Через пятнадцать-двадцать лет после этого во время охот в Галиции, на Кавказе и в Туркестане, ожидая появление кабана или медведя, я часто вспоминал крысиные охоты моего детства, на которых я ожидал появления дичи с неменьшей охотничьей страстью и замиранием сердца.
Это Русь сермяжная,
С Господом в душе.
Голытьба бродяжная,
Сказка в шалаше…
Судьба отвела мне счастливый удел родиться и провести детство и юность в родной усадьбе. Ни в каком другом кругу старой России детвора и молодёжь не пользовалась таким привольем, как мы, дети состоятельных помещичьих семей. Высший придворный класс дворянства жил вблизи столицы, обычно проводя лето где-нибудь в Гатчине или Петергофе, где молодёжь жила, стеснённая этикетом этих высокочиновных мест. Молодое поколение низших классов — купечества и крестьянства, уж не говоря о горожанах, с раннего детства несло известные обязанности, помогая родителям в их ремесле. И только мы, беззаботные «барчуки» и «панычи» Великороссии и Малороссии, были в буквальном смысле счастливым и вольным племенем.

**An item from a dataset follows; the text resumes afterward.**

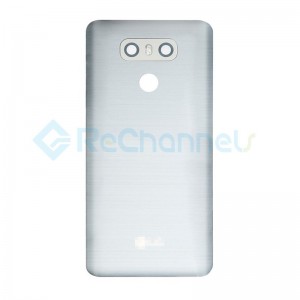 For LG G6 Battery Door with Camera Lens and Bezel Replacement - Silver - Grade S+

К этому надо добавить, что, подрастая, мы с братом стали страстными охотниками, что поощрялось отцом, как наследственная и понятная ему черта, охота же в отношении свободы давала самые широкие возможности.
Ружейным охотником я стал позднее, нежели псовым, что объяснялось не столько мальчишеской психологией, склонной к сильным переживаниям, сколько тем, что отец разрешил нам взять в руки ружьё много позднее, нежели сесть на коня. Он весьма резонно считал, что сломать себе шею мы имеем гораздо больше права, нежели рисковать жизнью других. Это соображение было как нельзя более основательно, так как в первые годы моей ружейной охоты только божья милость да счастливое стечение обстоятельств помешало нам перестрелять друг друга. К охотничьим истокам моего детства относится начало моей многолетней дружбы и с Алёшей Самойловым, крестьянским мальчиком, с которым меня свёл наш земский врач. Заметив ту страсть и интерес, который я обнаруживал к птицам и зверям, он в разговоре с моей матушкой по этому предмету упомянул о том, что его поразил своим знанием природы крестьянский мальчик лет 12‑ти из соседнего с нашим имением села Покровского. Мальчик этот сопровождал доктора на охоту и заинтересовал его как самородок-естествоиспытатель.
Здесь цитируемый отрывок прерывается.